*TASK TO COMPLETE*
Copy out the full listing below as it stands, with its pictures left behind.

*RAW DATA*
************

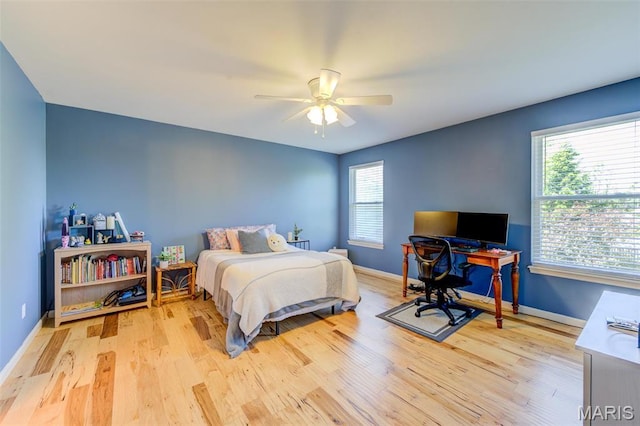 1024 Brook Mont Dr, Ofallon, MO 63366 - bedroom featuring light wood-type flooring, baseboards, a ceiling fan, and a desk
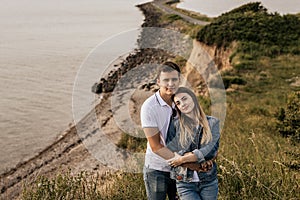 Romantic couple in embrance stand on the beach with mountains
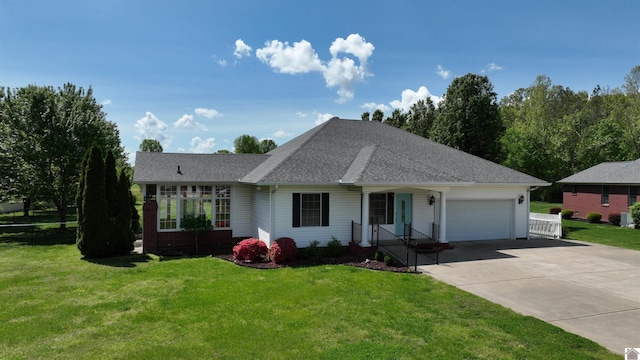 single story home with a garage, a front lawn, roof with shingles, and driveway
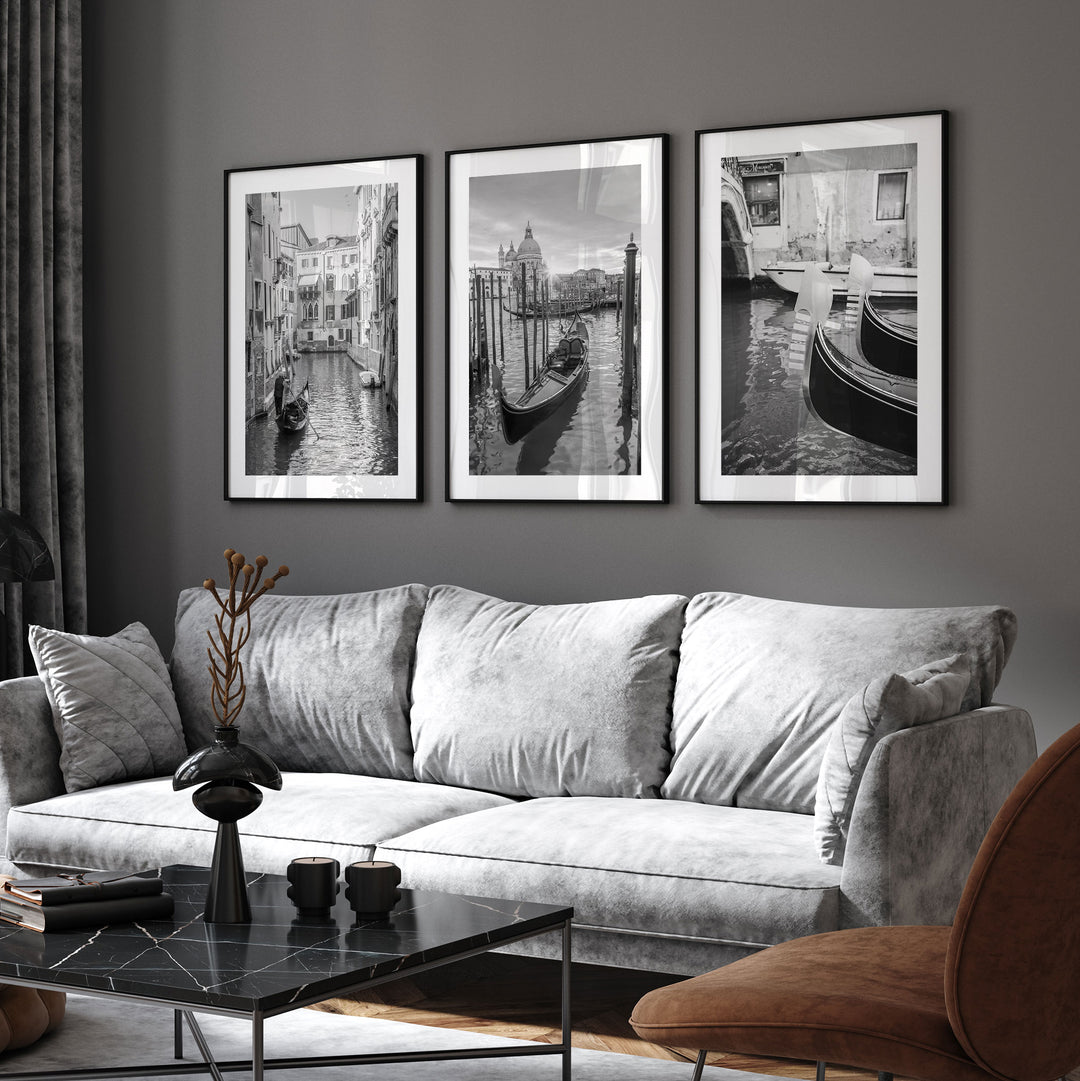 a modern living room with a gray sofa, a black coffee table, and three framed black and white photographs of Venice canal scenes hanging on the wall above the sofa.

************

*RESPONSE*
 1024 Brook Mont Dr, Ofallon, MO 63366 - bedroom featuring light wood-type flooring, baseboards, a ceiling fan, and a desk
 Romantic couple in embrance stand on the beach with mountains
 single story home with a garage, a front lawn, roof with shingles, and driveway
 a modern living room with a gray sofa, a black coffee table, and three framed black and white photographs of Venice canal scenes hanging on the wall above the sofa.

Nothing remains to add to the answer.